- _What to do_: Each line of the material must be reproduced exactly; pictures stay out.

- _Extracted data_:
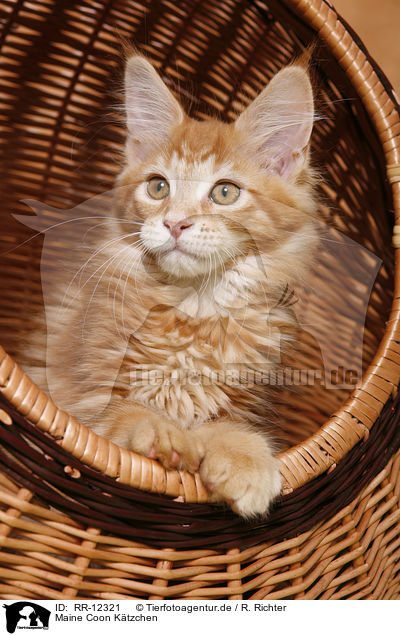Maine Coon Ktzchen / Kitten / RR-12321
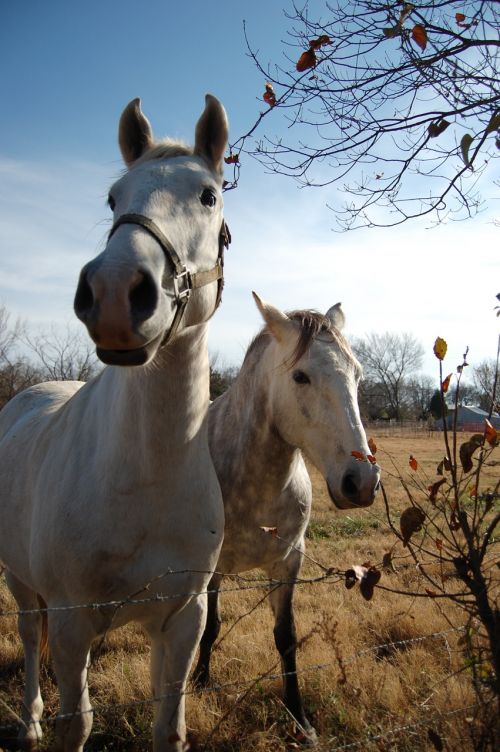 horses two white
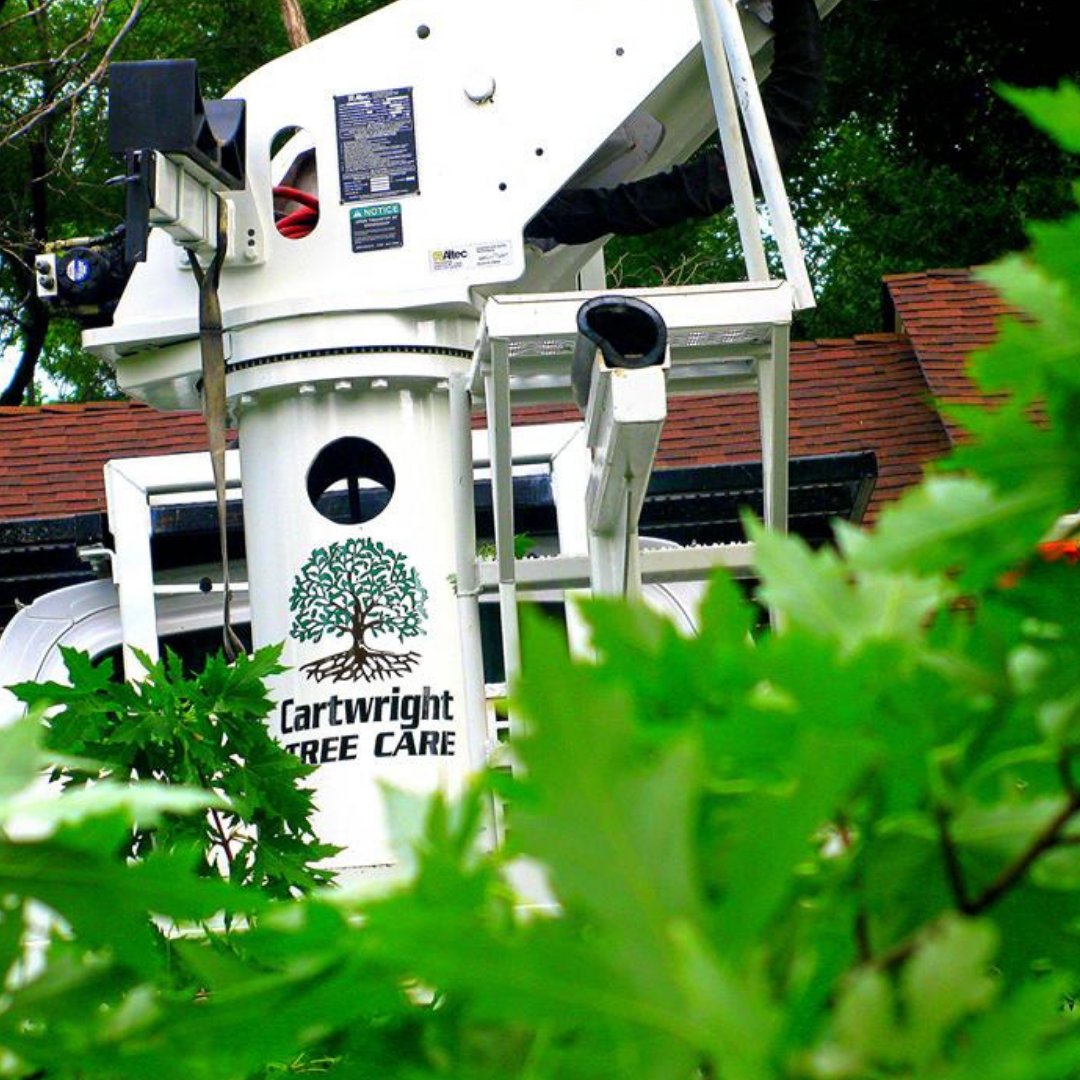 cartwright tree care cartwrighttree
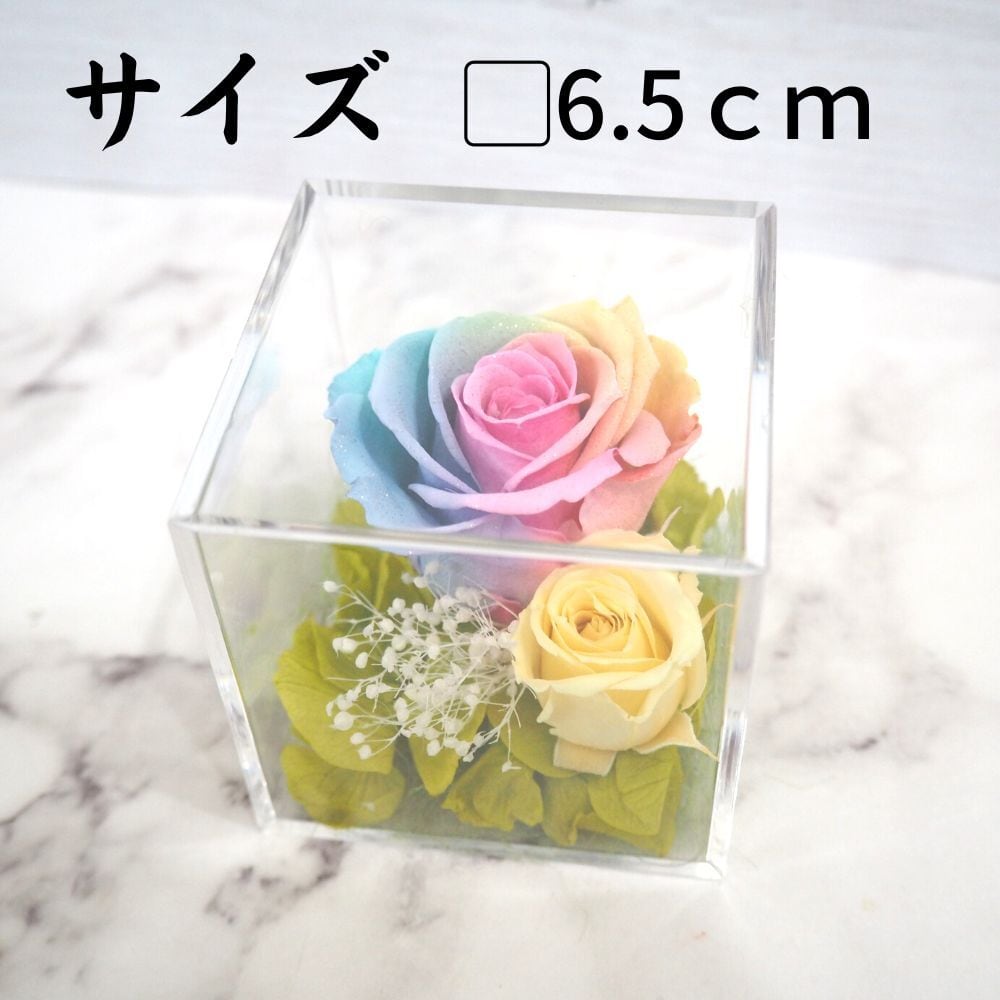 名入れギフト】プリザーブドフラワー レインボーローズ パステルカラー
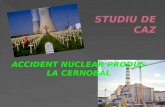 Studiu de Caz Cernobal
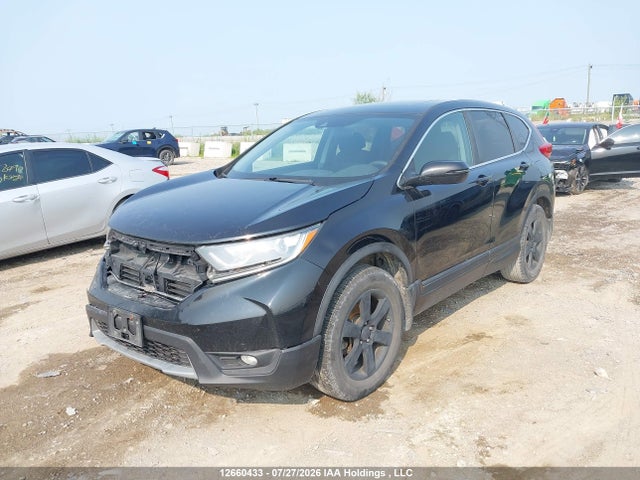 2019 Honda Cr-v Ex მანქანა იყიდება აუქციონზე, vin: 2HKRW2H57KH104203, აუქციონის ნომერი: 12660433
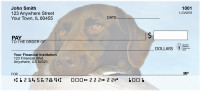 Labradors At Work Personal Checks | DOG-29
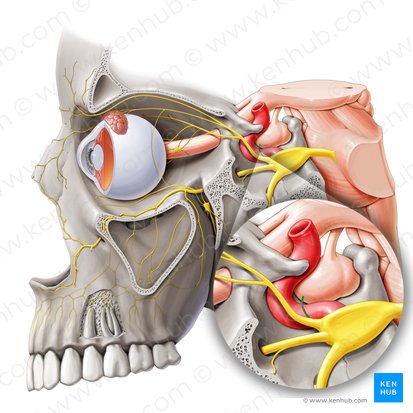 Tentorial branch of ophthalmic nerve (Ramus tentorius nervi ophthalmici); Image: Paul Kim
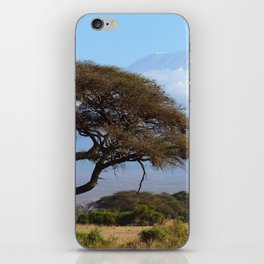 South Africa Photography - Dry Acacia Tree In The Savannah iPhone Skin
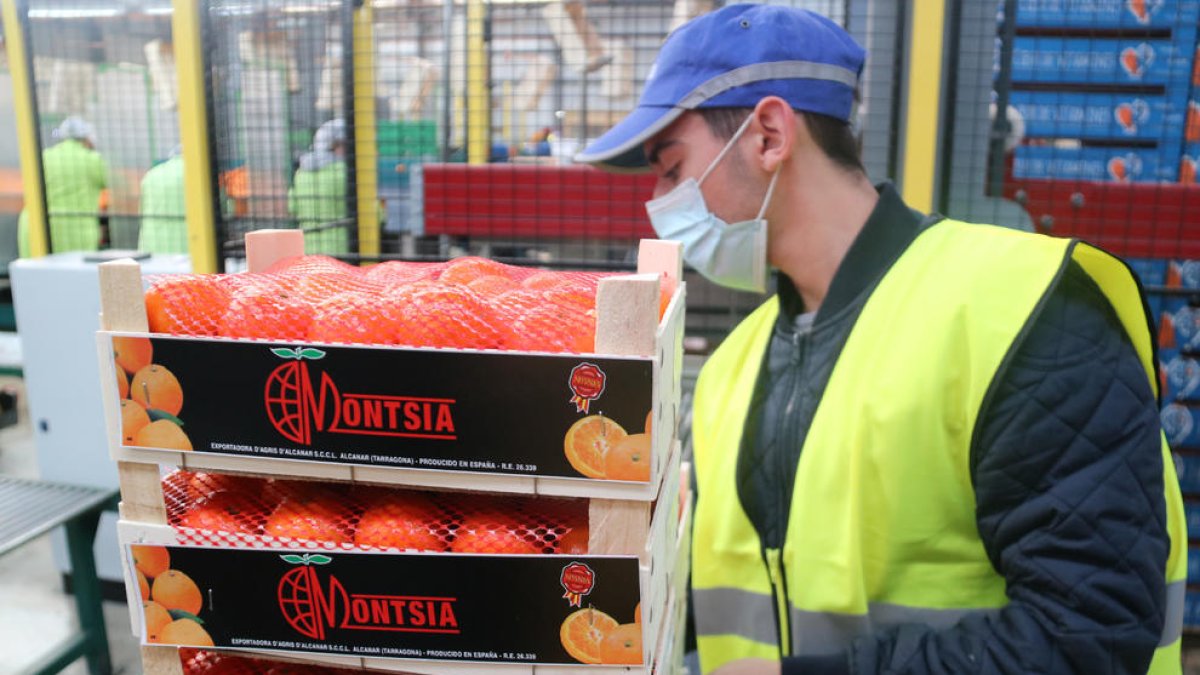 Pla mitjà d'un operari apilant les caixes de mandarines llestes per vendre a la cooperativa Cooperativa Exportadora d'Agris d'Alcanar.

- _Written solution_:
Maine Coon Ktzchen / Kitten / RR-12321
 horses two white
 cartwright tree care cartwrighttree
 名入れギフト】プリザーブドフラワー レインボーローズ パステルカラー
 Studiu de Caz Cernobal
 2019 Honda Cr-v Ex მანქანა იყიდება აუქციონზე, vin: 2HKRW2H57KH104203, აუქციონის ნომერი: 12660433
 Labradors At Work Personal Checks | DOG-29
 Tentorial branch of ophthalmic nerve (Ramus tentorius nervi ophthalmici); Image: Paul Kim
 South Africa Photography - Dry Acacia Tree In The Savannah iPhone Skin
 Pla mitjà d'un operari apilant les caixes de mandarines llestes per vendre a la cooperativa Cooperativa Exportadora d'Agris d'Alcanar.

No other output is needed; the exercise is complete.